Con ello ha llegado al fin de todo lo que hace referencia a las fotografías del joven Hitler. Voy ahora a intentar completar algo sobre la imagen de mi amigo de juventud, aun cuando me percato plenamente de que mi estudio siempre será incompleto.
Hitler era de estatura mediana y esbelto, por aquel entonces ya algo más alto que su madre. Su constitución no era en modo alguno la de un hombre fuerte, sino más bien delgado y frágil. Su salud era de lo que hubiese sido de desear y él se lamentaba con frecuencia de ello. Tenía que protegerse ante el clima nebuloso y húmedo de Linz durante los meses de invierno. En efecto, durante estos meses se encontraba con frecuencia enfermo y tosía mucho. En resumen, era débil de pulmones.
La nariz, muy regular y bien proporcionada. La frente, despejada y libre, ligeramente inclinada hacia atrás. Me sabía mal, ya por aquel entonces, que tuviera la costumbre de peinar su cabello muy hacia la frente. Por lo demás, esta descripción usual frente-nariz-boca me resulta ridícula, puesto que en aquel rostro eran los ojos tan sobresalientes que no se observaba nada más. Jamás he vuelto a ver en mi vida un rostro de hombre en el cual... ¿cómo expresarme...? los ojos dominaran de tal forma la expresión del rostro como era el caso en mi amigo. Eran los ojos claros de su madre. Pero aquella mirada fija, penetrante, era todavía más acusada en el hijo; en cierto modo, había sido superada y poseía más fuerza y capacidad de expresión. Resultaba sorprendente cómo podían cambiar la expresión de aquellos ojos, sobre todo, cuando Adolf hablaba. Para mí tenía mucho menos importancia el sonido grave y sonoro de su voz que la expresión de sus ojos. Adolf hablaba efectivamente con los ojos. Aun cuando mantenía los labios firmemente apretados, los ojos revelaban lo que quería decir. Cuando vino por primera vez a nuestra casa y yo lo presenté a mi madre, me dijo ella, antes de acostarse: “¡Qué ojos tiene tu amigo!” Y recuerdo perfectamente que en el tono de su voz se adivinaba más el temor que la admiración. Cuando en ocasiones me han preguntado en qué característica resaltaba aquel hombre durante su juventud, sólo puedo responder: ¡Por sus ojos!

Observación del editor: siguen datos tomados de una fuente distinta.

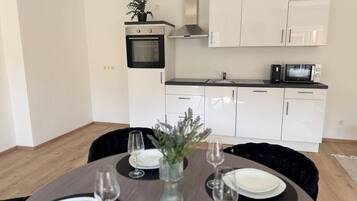 A modern kitchen with white cabinets, a built-in oven, and a microwave.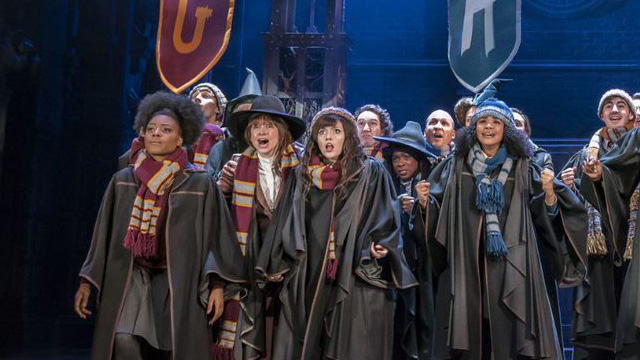 Un groupe d'étudiants de Poudlard portent les uniformes des maisons Griffondor, Serdaigle et Poufsouffle sur la scène de théatre de Harry Potter et l'Enfant Maudit.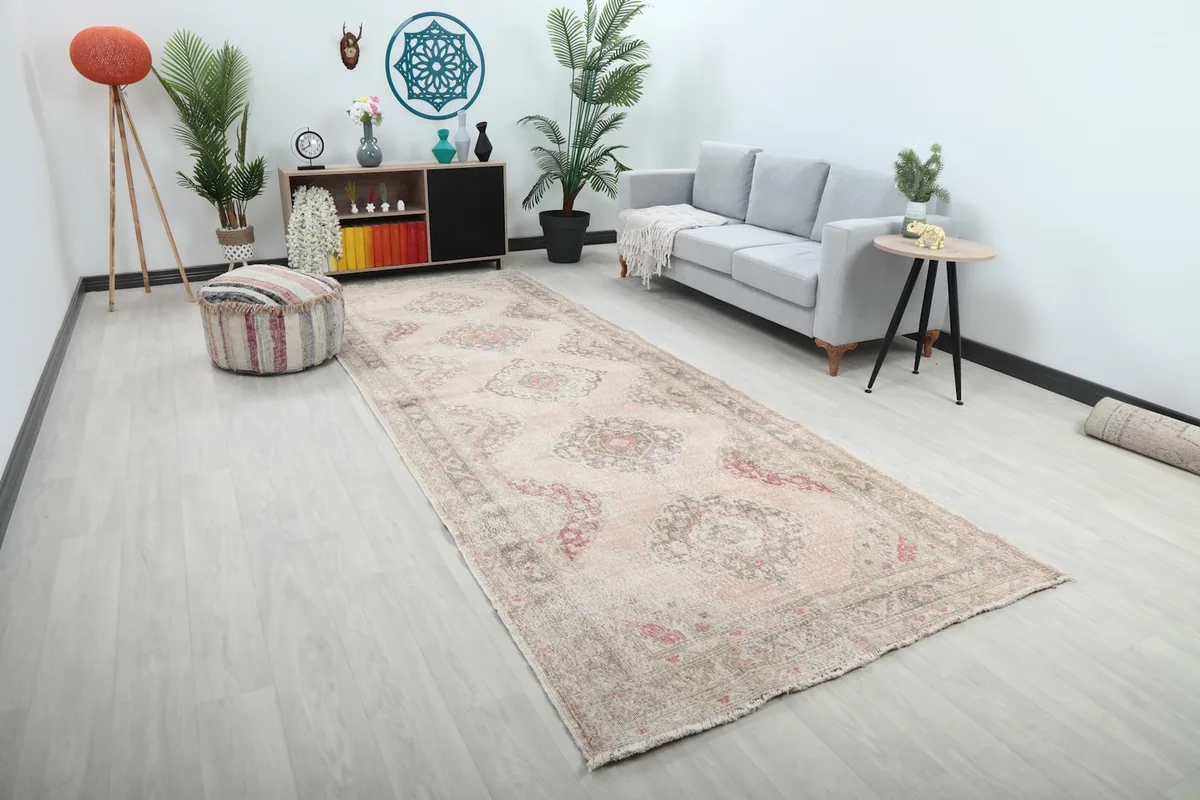 Long view of the Anatolian runner rug extending through a room, showing its length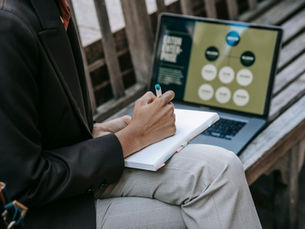Professional planning a content strategy with a laptop, notebook, and digital content research.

Claro está que también llamaba la atención su fácil oratoria. Pero era yo demasiado inexperto en este sentido para sacar las debidas consecuencias. Yo estaba convencido de que Hitler llegaría algún día a ser un gran artista, un poeta, pensé en un principio, luego un célebre pintor, hasta que luego, en Viena, me convenció de que sus dotes se encaminaban hacia el campo de la arquitectura. Pero para tales fines artísticos sus dotes oratorias no eran necesarias, al contrario, casi representaban un obstáculo en la consecución de sus fines. A pesar de todo, lo escuchaba gustosamente cuando él hablaba. Su lenguaje era muy escogido. Rehusaba el dialecto, sobre todo el vienés, que le era adverso por su tono suave, melodioso. En realidad, Hitler no hablaba como un austríaco. Se podía decir incluso que en la rítmica de su lenguaje, en su modo de expresarse, se asemejaba más a los bávaros. Decisivo en este caso puede ser que desde los tres a los seis años vivió de Passau, donde su padre era funcionario de aduanas.

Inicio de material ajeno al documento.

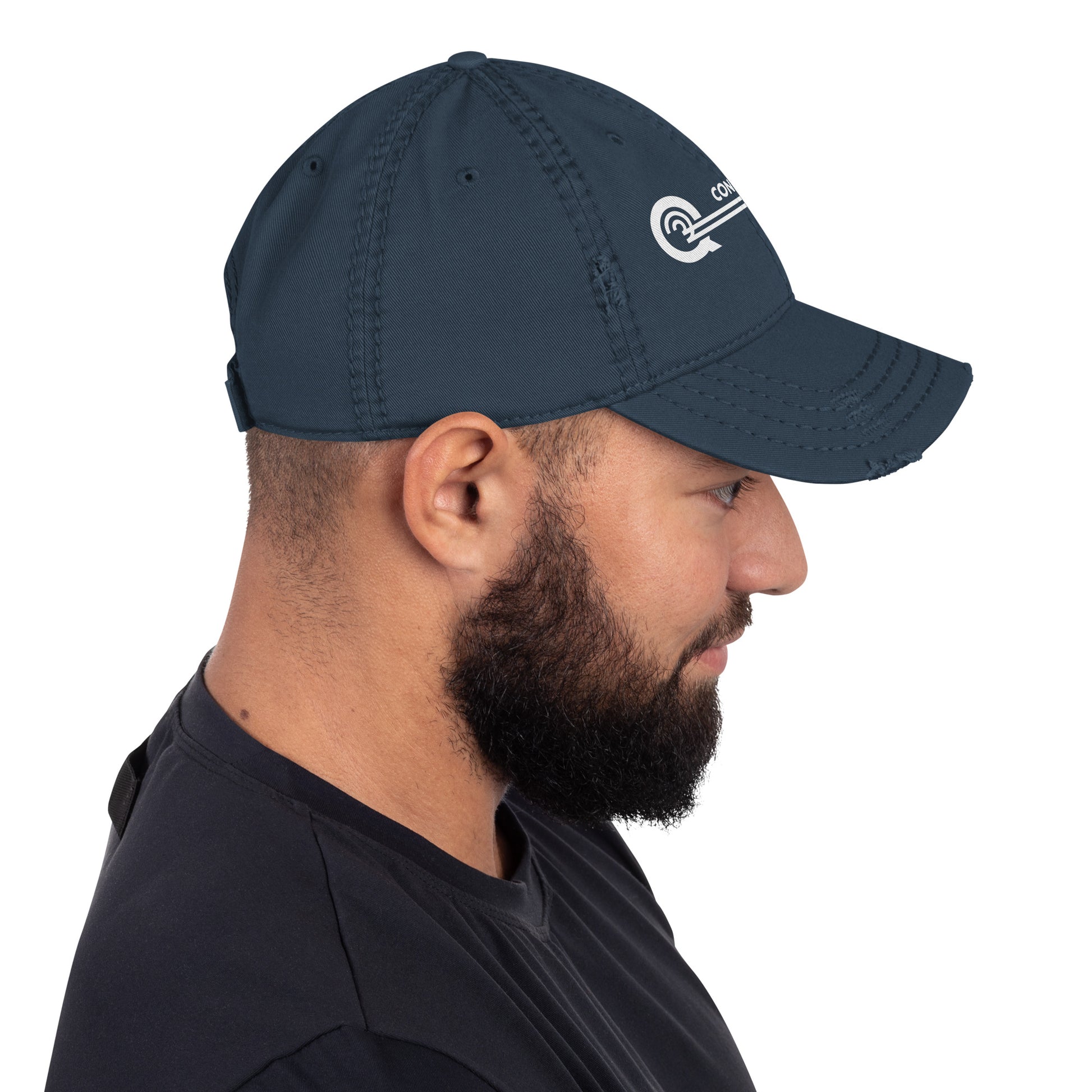 Man wearing a navy cap with a logo on a white background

No cabe la menor duda de que mi amigo Adolf fue, ya desde su primera juventud, un hombre dotado de una fácil oratoria. Y él lo sabía. Hablaba a gusto y sin interrupción. En ciertas ocasiones, cuando se perdía en sus fantasías, despertaba en mí la sospecha de que todo lo que decía era sólo un ejercicio de oratoria. Pero rápidamente alejaba de mí esta sospecha. ¿Acaso no había creído yo a pies juntillas todo lo que él había dicho? Adolf gustaba de probar su fuerza de persuasión en mí y en otras personas. Recuerdo un ejemplo que jamás se borrará de mi memoria, y es que cuando aún no había cumplido los dieciocho años de edad, convenció a mi padre de que debía mandarme al conservatorio de Viena. No cabe la menor duda de que era éste un éxito sorprendente teniendo en cuenta la naturaleza tan pesada y cerrada de mi padre. Desde aquella demostración tan decisiva para mí de su capacidad, no consideraba ya nada imposible que Hitler no pudiera conseguir gracias a su fuerza de persuasión. La mayoría de las veces solía recalcar sus palabras con gestos comedidos y estudiados de antemano. De vez en cuando, al referirse a uno de sus temas predilectos, el puente sobre el Danubio, la ampliación del museo e incluso sobre la estación subterránea que él había previsto para Linz, le interrumpía yo y le preguntaba cómo se imaginaba la realización práctica de aquel proyecto, ¡nosotros no éramos más que unos pobres diablos! En aquellas ocasiones me miraba extrañado y casi con una expresión enemistosa, como si no hubiese comprendido mi pregunta. La mayoría de las veces no respondía a lo que yo le había preguntado y se limitaba a interrumpirme con un gesto muy significativo de su mano. Más tarde me fui acostumbrando a ello y ya no encontraba ridículo que aquel muchacho de dieciséis o diecisiete años desarrollara proyectos gigantescos y me los expusiera en todo su detalle. Si sólo hubiese hecho caso de sus palabras, todo aquello se me hubiese antojado un juego o una locura. Pero la expresión de sus ojos me convencía, cada vez de nuevo, de que hablaba en serio.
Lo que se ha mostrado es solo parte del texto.